| Material provided |
***

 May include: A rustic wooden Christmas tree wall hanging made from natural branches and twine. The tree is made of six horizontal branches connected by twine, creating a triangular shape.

***

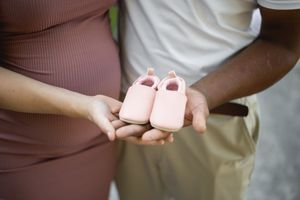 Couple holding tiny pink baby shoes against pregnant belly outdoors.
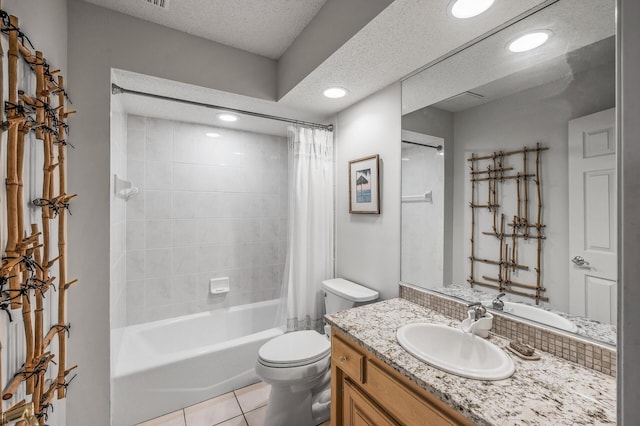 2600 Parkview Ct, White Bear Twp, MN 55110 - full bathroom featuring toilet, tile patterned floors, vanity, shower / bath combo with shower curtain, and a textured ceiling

***

Your answer should be the lines above, word for word, from the line with "Couple holding tiny" through the line with "2600 Parkview Ct, White", minus the pictures.

 Couple holding tiny pink baby shoes against pregnant belly outdoors.
 2600 Parkview Ct, White Bear Twp, MN 55110 - full bathroom featuring toilet, tile patterned floors, vanity, shower / bath combo with shower curtain, and a textured ceiling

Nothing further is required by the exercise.